Carney-Style Carnage? Last week in his monetary policy statement, the Bank of England’s Mark Carney said, “There’s already great speculation about the exact timing of the first rate hike and this decision is becoming more balanced. It could happen sooner than markets currently expect.” Some experts like Citi’s Steven Englander warn that given the current signals in the currency markets, should the Fed’s Yellen adopt a similar tone, “the word ‘carnage’ would not be inappropriate.” In other words, we could see major moves in the currency markets.
The Amazon Phone. “On Wednesday, Amazon will announce one of its biggest, riskiest new products ever: A smartphone,” reports Business Insider’s Jillian D’Onfro. “While Amazon hasn’t come out and officially said it’s releasing a phone, we’re 99.99% certain it’s happening. Amazon released a teaser video last week for the event, and if you look closely, you can see a phone in the video.”
Japanese Exports Fall. Japan’s exports fell 2.7% year-over-year in May, which was worse than the 1.3% decline expected by economists. This was the first decline in 15 months.
Chinese Home Prices Fall. Prices for new homes fell in 35 of 70 Chinese cities, reports Bloomberg. This comes amid slowing growth and elevated concerns about the health of China’s financial markets.
Markets Are Up. The world’s stock markets are in the green ahead of today’s FOMC announcement. In Europe, Britain’s FTSE 100 is up 0.4%, Germany’s DAX is up 0.1%, and Spain’s IBEX is up 0.3%. Japan’s Nikkei closed up 0.9%. U.S. stock market futures are marginally higher.
GM CEO Heads To The Hill Again. Mary Barra will get grilled by Congress today over the handling of safety concerns, which have led to the recall of over 20 million autos since the beginning of the year.

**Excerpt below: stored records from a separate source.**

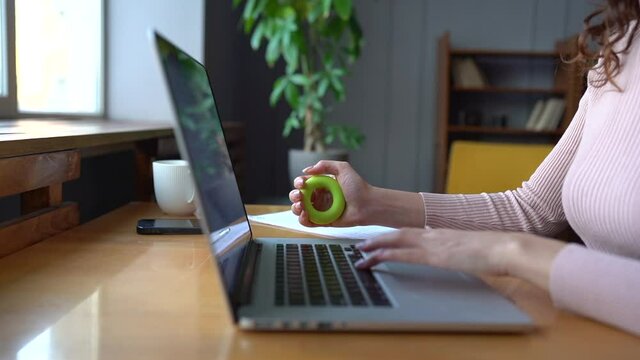Caucasian female office worker using expander working on laptop. Woman doing exercises for wrist diseases prevention from typing on computer. Tunnel syndrome injury and hand pain prevention concept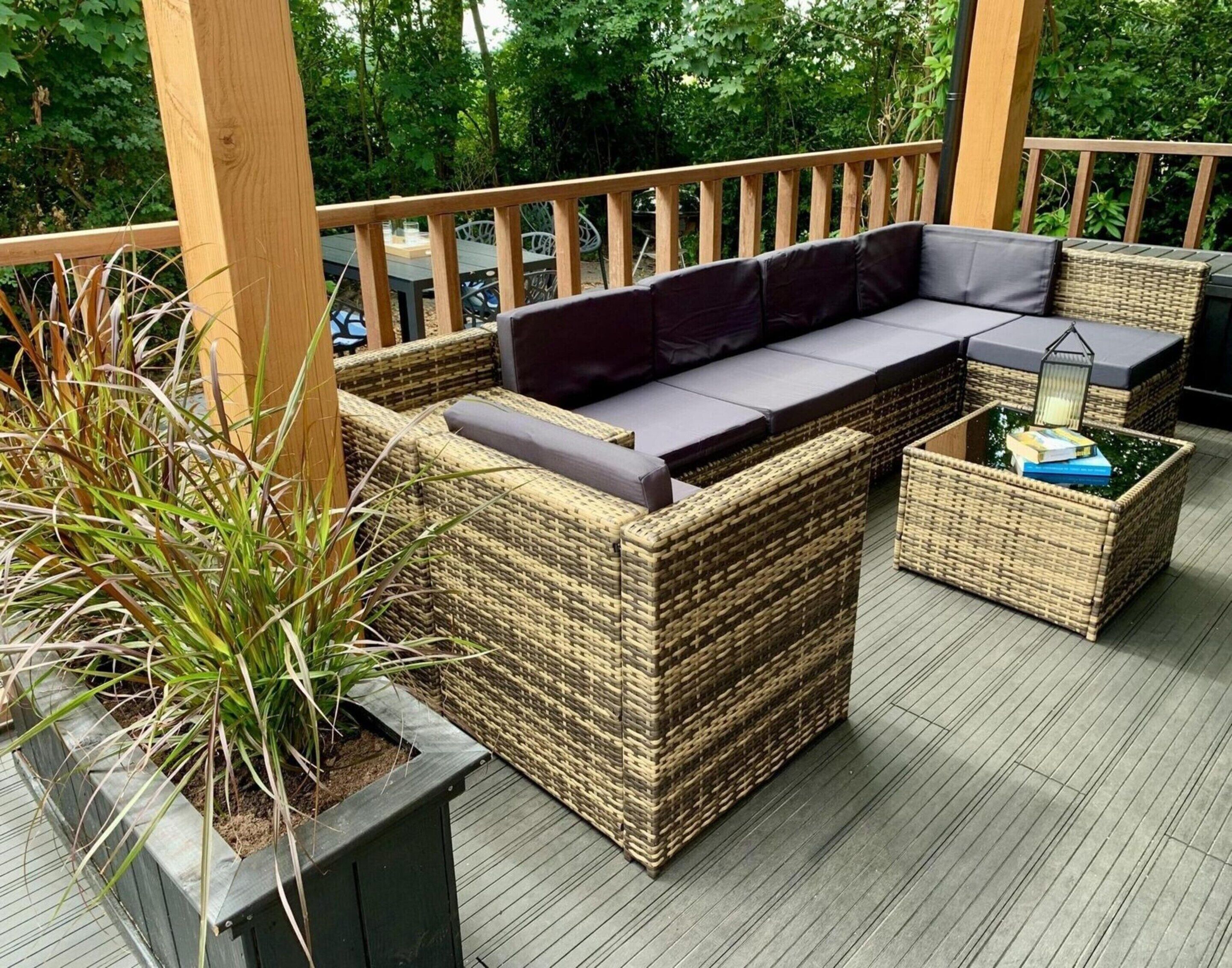 A covered outdoor seating area with wicker furniture and a cushioned bench.
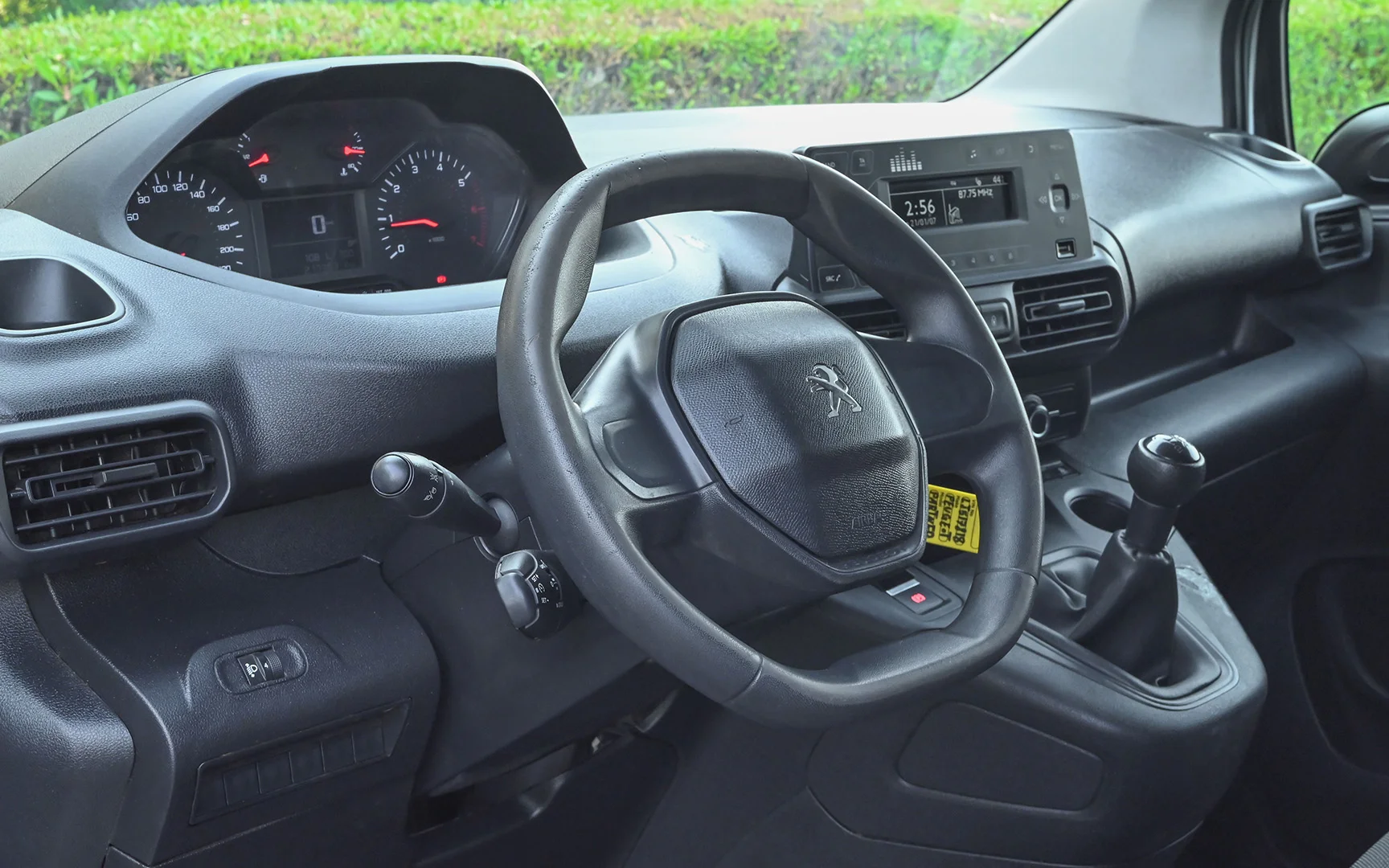 Used 2020 Peugeot Partner Long Van in White – Driver Side Dashboard & Steering View for Sale at First Choice Cars Dubai Sharjah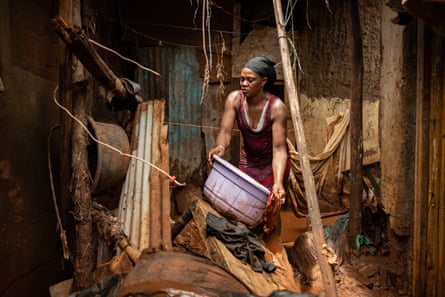 A grim-faced African woman picks up a plastic basket from a tin shack covered in mud 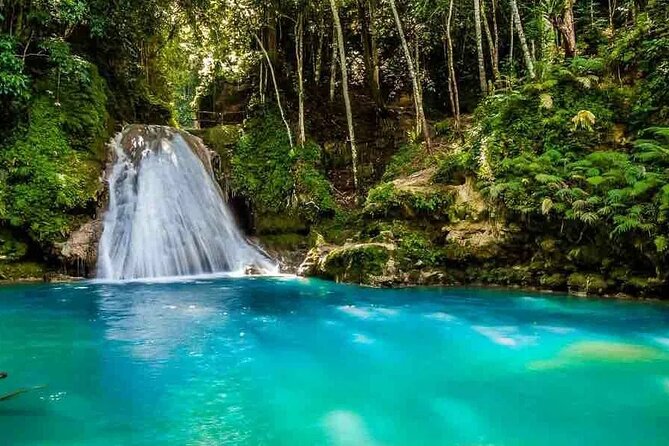 Blue Hole, Secret Falls & River Rapids Tubing from Montego Bay - White River tubing builds from calm to fast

The World’s Most Expensive One Cent Stamp. “An incredibly rare 19th century postage stamp, a tiny one-cent magenta from British colonial Guyana, sold for $US9.5 million in New York on Tuesday, setting a new world record,” reported the AFP’s Jennie Matthew. “Bidding began at $US4.5 million and it took just two minutes to sell the stamp to an anonymous bidder on the phone, although the auction house Sotheby’s had valued the tiny specimen of British colonial memorabilia at $US10-20 million.”
BONUS: Barclays’ Latin America research team believe politicians may take advantage of the ongoing World Cup in an unexpected way.
“The distraction of public opinion with the World Cup might be an opportunity for some governments to pass measures that face some resistance,” they write. “In Mexico, the World Cup has been taken as an excuse by some Congressmen to delay the discussion of the secondary laws for the energy and telecommunications reforms … Venezuela is not and has never been in the World Cup, but for Venezuelans, any excuse is good to celebrate. We think that the government could take advantage of public opinion being distracted and students being on vacation from their universities to announce some of the adjustments that they have been delaying.”